Después de convertirse en religión, el cambio climático antropogénico se va tornando poco a poco en una doctrina dura con la que sus líderes juegan a la intolerancia, vetan publicaciones, descalifican la opinión contraria y evaden los debates. Como todas las doctrinas, también tiene sus vertientes radicales en grupos de ambientalistas extremos dispuestos a matar para lograr un mundo sin contaminación y un retorno al edén. Los ambientalistas nostálgicos por el paraíso perdido han atentado ya contra la vida de aquellos a quienes consideran una amenaza para el planeta infestado de seres humanos. Desafortunadamente, México no está exento de estos grupos.

El ambientalismo es un “ismo” más en la historia de las ideologías. Al respecto decía Hannah Arendt cuando se refería a las de su tiempo: “estos ismos proporcionan la gran satisfacción a sus partidarios de poder explicar hasta el menor evento a partir de un sola premisa”.

El ecologismo, junto con otros “ismos”, es la nueva corriente ideológica que no admite la duda como valor.

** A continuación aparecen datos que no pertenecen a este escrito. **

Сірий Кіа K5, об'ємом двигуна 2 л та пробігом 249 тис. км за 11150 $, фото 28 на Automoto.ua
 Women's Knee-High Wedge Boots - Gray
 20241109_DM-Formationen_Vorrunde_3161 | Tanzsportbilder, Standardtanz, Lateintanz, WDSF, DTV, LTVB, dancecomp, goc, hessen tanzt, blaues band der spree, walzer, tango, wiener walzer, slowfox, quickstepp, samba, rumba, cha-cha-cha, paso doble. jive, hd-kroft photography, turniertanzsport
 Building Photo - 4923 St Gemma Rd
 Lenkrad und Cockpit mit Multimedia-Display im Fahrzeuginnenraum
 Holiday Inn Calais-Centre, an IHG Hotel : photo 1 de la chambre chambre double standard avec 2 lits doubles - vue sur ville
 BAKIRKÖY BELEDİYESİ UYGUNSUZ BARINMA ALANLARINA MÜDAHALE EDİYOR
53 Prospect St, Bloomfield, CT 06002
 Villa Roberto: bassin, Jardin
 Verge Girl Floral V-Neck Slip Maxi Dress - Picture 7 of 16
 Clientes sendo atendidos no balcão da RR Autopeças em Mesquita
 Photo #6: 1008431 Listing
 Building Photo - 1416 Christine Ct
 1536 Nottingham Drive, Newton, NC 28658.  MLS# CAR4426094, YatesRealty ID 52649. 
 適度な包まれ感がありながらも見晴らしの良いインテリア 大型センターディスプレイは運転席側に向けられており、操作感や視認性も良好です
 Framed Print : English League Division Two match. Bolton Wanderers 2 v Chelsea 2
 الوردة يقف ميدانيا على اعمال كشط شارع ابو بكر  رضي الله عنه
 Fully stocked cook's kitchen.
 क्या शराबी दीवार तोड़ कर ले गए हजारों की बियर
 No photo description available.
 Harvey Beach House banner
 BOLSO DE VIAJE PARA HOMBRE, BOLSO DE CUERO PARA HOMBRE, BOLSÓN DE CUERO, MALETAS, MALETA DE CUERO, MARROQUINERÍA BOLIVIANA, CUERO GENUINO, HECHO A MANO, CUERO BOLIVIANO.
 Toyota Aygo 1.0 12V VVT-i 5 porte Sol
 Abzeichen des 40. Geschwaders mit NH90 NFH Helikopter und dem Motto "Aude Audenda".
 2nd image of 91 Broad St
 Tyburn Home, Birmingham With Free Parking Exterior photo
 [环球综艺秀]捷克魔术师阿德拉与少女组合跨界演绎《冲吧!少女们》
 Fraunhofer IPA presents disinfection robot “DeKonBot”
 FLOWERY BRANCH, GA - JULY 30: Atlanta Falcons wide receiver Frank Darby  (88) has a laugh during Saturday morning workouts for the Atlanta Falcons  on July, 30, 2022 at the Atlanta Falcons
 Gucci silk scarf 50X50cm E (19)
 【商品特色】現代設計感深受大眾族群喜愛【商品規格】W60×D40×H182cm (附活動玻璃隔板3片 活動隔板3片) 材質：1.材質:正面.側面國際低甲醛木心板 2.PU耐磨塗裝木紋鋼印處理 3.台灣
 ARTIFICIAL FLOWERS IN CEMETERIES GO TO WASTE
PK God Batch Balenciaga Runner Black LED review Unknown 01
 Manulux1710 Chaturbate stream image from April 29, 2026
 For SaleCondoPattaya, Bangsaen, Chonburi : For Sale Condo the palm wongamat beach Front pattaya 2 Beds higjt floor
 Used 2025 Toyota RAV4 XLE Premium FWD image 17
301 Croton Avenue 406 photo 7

Cuando la Sociedad Americana de Física declaró en 2007 como “incontrovertible” al calentamiento global antropogénico, algunos de sus miembros decidieron abandonarla. Ivar Giaever, Premio Nobel de Física en 1973, fue uno de ellos y no era para menos: la Sociedad Americana de Física se había sumado a una doctrina renunciando a la tradición más importante de la comunidad científica: la conservación de la duda y la controversia como valores fundamentales. Después rectificaría pero la vulnerabilidad de una sociedad científica con más de 100 años de existencia quedó de manifiesto.

Cuando una sociedad de físicos declara algo como “incontrovertible” es el momento de irse porque ha dejado de ser científica, se ha olvidado de Galileo Galilei delante de la Iglesia y de Giordano Bruno frente a la Inquisición.

La duda es el punto de partida de la ciencia. El espacio para la controversia es vital en la generación de conocimiento y cuando éste desaparece ya solo queda lugar para el catecismo de un nuevo dogma.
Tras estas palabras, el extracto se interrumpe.